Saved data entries
★ ★ ★
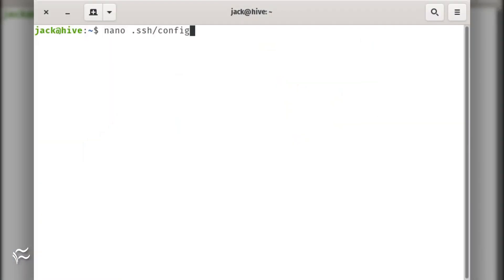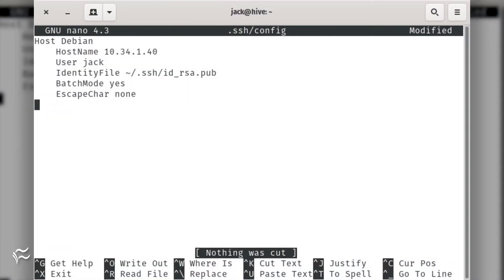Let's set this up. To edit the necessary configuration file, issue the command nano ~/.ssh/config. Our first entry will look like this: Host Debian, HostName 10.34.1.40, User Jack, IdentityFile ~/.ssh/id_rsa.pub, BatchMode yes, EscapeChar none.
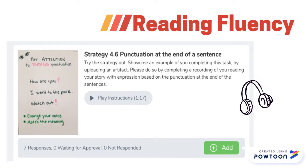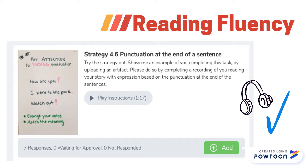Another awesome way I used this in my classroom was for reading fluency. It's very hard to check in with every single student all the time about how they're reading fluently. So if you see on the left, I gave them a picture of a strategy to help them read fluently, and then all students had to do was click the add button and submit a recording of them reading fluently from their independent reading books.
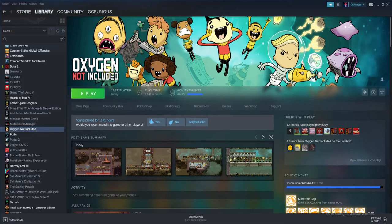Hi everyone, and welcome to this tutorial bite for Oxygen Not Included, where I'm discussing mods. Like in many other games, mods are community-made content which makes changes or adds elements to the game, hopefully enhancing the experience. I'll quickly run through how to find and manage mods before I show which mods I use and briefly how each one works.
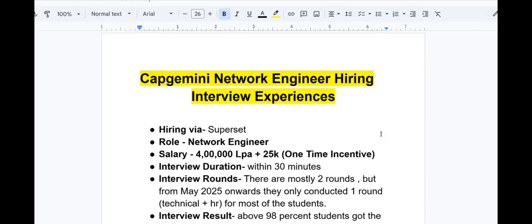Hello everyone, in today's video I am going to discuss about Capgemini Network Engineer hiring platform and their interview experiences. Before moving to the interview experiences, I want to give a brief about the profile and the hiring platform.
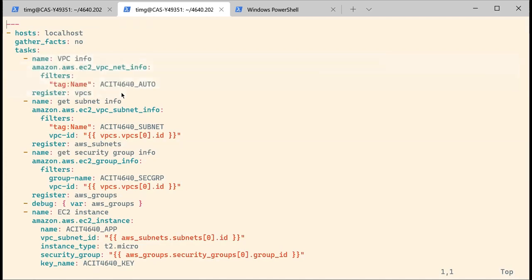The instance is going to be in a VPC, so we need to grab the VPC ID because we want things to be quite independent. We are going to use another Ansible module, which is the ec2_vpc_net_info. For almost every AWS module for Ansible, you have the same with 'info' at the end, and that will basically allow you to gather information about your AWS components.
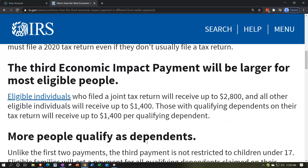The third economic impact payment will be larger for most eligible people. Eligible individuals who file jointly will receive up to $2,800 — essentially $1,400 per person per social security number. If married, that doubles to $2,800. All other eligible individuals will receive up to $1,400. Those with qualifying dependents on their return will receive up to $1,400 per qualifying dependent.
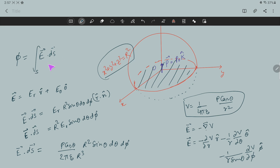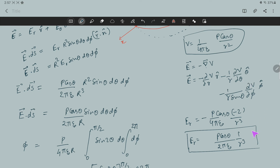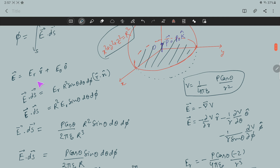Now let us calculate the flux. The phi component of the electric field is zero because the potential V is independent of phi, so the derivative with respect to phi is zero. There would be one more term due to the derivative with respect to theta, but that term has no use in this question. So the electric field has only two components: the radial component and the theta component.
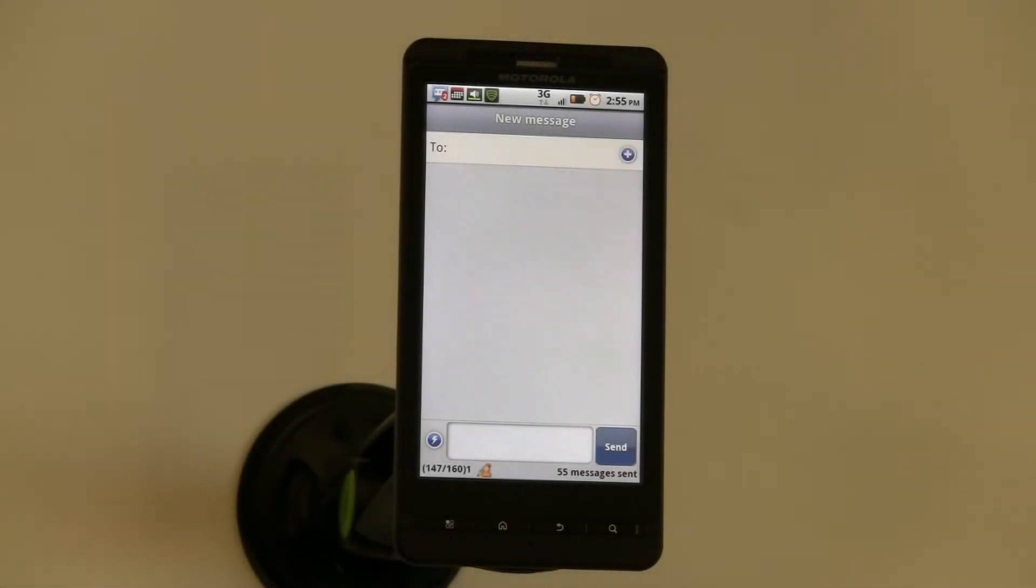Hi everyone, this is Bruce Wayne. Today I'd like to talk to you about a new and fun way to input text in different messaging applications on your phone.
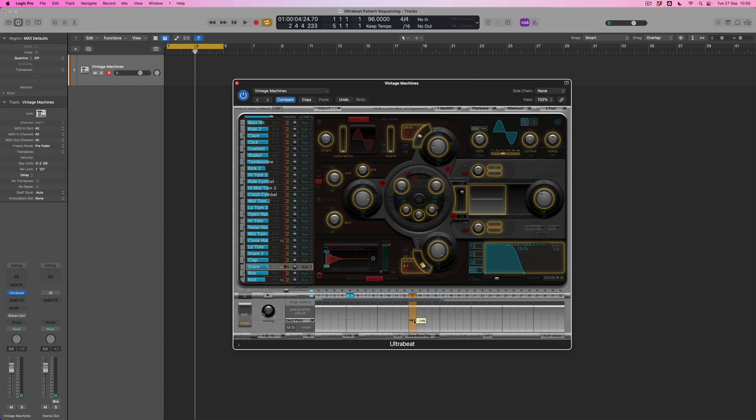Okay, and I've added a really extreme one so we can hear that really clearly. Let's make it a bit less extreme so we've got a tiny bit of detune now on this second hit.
★ ★ ★
* [What the task asks]: Using the records above, output their complete text exactly, minus any images.

* [Written answer]:
Let's set this up. To edit the necessary configuration file, issue the command nano ~/.ssh/config. Our first entry will look like this: Host Debian, HostName 10.34.1.40, User Jack, IdentityFile ~/.ssh/id_rsa.pub, BatchMode yes, EscapeChar none.
Another awesome way I used this in my classroom was for reading fluency. It's very hard to check in with every single student all the time about how they're reading fluently. So if you see on the left, I gave them a picture of a strategy to help them read fluently, and then all students had to do was click the add button and submit a recording of them reading fluently from their independent reading books.
Hi everyone, and welcome to this tutorial bite for Oxygen Not Included, where I'm discussing mods. Like in many other games, mods are community-made content which makes changes or adds elements to the game, hopefully enhancing the experience. I'll quickly run through how to find and manage mods before I show which mods I use and briefly how each one works.
Hello everyone, in today's video I am going to discuss about Capgemini Network Engineer hiring platform and their interview experiences. Before moving to the interview experiences, I want to give a brief about the profile and the hiring platform.
The instance is going to be in a VPC, so we need to grab the VPC ID because we want things to be quite independent. We are going to use another Ansible module, which is the ec2_vpc_net_info. For almost every AWS module for Ansible, you have the same with 'info' at the end, and that will basically allow you to gather information about your AWS components.
The third economic impact payment will be larger for most eligible people. Eligible individuals who file jointly will receive up to $2,800 — essentially $1,400 per person per social security number. If married, that doubles to $2,800. All other eligible individuals will receive up to $1,400. Those with qualifying dependents on their return will receive up to $1,400 per qualifying dependent.
Now let us calculate the flux. The phi component of the electric field is zero because the potential V is independent of phi, so the derivative with respect to phi is zero. There would be one more term due to the derivative with respect to theta, but that term has no use in this question. So the electric field has only two components: the radial component and the theta component.
Hi everyone, this is Bruce Wayne. Today I'd like to talk to you about a new and fun way to input text in different messaging applications on your phone.
Okay, and I've added a really extreme one so we can hear that really clearly. Let's make it a bit less extreme so we've got a tiny bit of detune now on this second hit.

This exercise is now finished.